I agree, that's a legitimate question and I don't know the answer either yet.
@olifre, either way, I'd love for dockerhub2oci
to be relicensed to Apache 2 (or BSD/MIT/other compatible license). Even if we didn't incorporate the code, I'd love to be able to read it.
@vsoch Nice writeup! Yes, indeed, I also believe there is a strong need for such a tool. My main reason for the decision to do something in pure bash with a few external helpers was to have something very lightweight, without any dedicated scripting language, that even very security-oriented admins may run on e.g. their CVMFS server machine (which is actually what I'd like to use it for myself one day). So my reasoning to start with that was mainly lack of time for something larger, and an existing need ;-). Of course, to really support the several APIs including authentication for private registries, multi-architecture containers and things like this, a high level language might be more appropriate, I agree.
@reidpr I have asked my only contributor in the linked issue whether he would be fine with a relicensing to Apache 2.0, in case he accepts, I will change the license (and try my best to also convince github to show this license, never tried that up to now).
@olifre: Great, thanks.
FWIW, Charliecloud's Apache license does not show, but it sure seems like it should (#122).
hey did you guys see https://github.com/jessfraz/img from @jessfraz?
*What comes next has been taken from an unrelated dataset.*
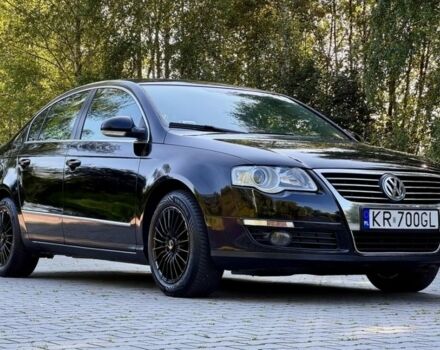 Чорний Фольксваген Пассат, об'ємом двигуна 1.9 л та пробігом 245 тис. км за 1950 $, фото 1 на Automoto.ua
And human documentation is here. It's a daemon-less OCI compliant builder and it seems to address much of what we are talking about here (but I haven't tried!).
@reidpr dockerhub2oci
(at https://github.com/olifre/dockerhub2oci ) is now relicensed to Apache 2.0 after all contributors (me and another one) agreed.
Also, I managed to convince GitHub of the change by first deleting the old license in a commit, and then using their web interface ( https://help.github.com/articles/adding-a-license-to-a-repository/ ) to add the new license file, afterwards squashing the commits together.
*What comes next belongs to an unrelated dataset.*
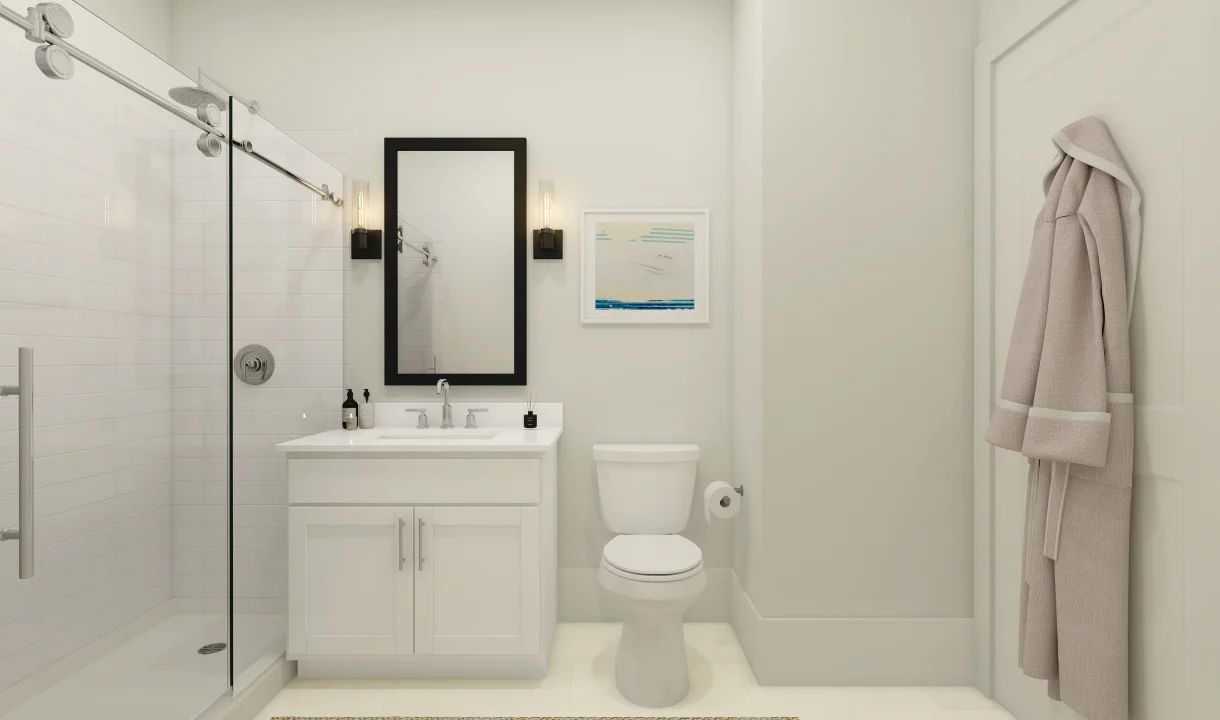 Primary Bath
However, looking at the project pointed out by @vsoch , this looks far more advanced than my efforts!
I missed that in my research beginning of January 2018, likely since it was almost non-existent at that point in time. However, right now, it seems this project indeed addresses most of the points addressed here, and it's under the MIT license.
I believe my dockerhub2oci
is still a valid approach for a small, almost-no-dependencies tool to pull docker containers, but for anything more advanced, https://github.com/jessfraz/img appears to be the better choice. I also did not test it yet, though.
@olifre this is great news, and there is no reason to drop your work because other base exists. There are many google (oops, freudian slip?) examples of an "underdog" turning out to be very important. I will continue to support your effort.
Update: We're now using skopeo and umoci to pull images. The obvious scripts (e.g., ch-pull2dir
) haven't been updated yet, but ch-grow
, which is written in Python 3, uses them.
If the latter becomes a long-term thing (currently it's still experimental), it would be nice to use Python libraries rather than calling out to executables, if they work well enough.
I heard a rumor that one can pull an image from Docker Hub directly with REST calls, without needing Docker installed. Investigate.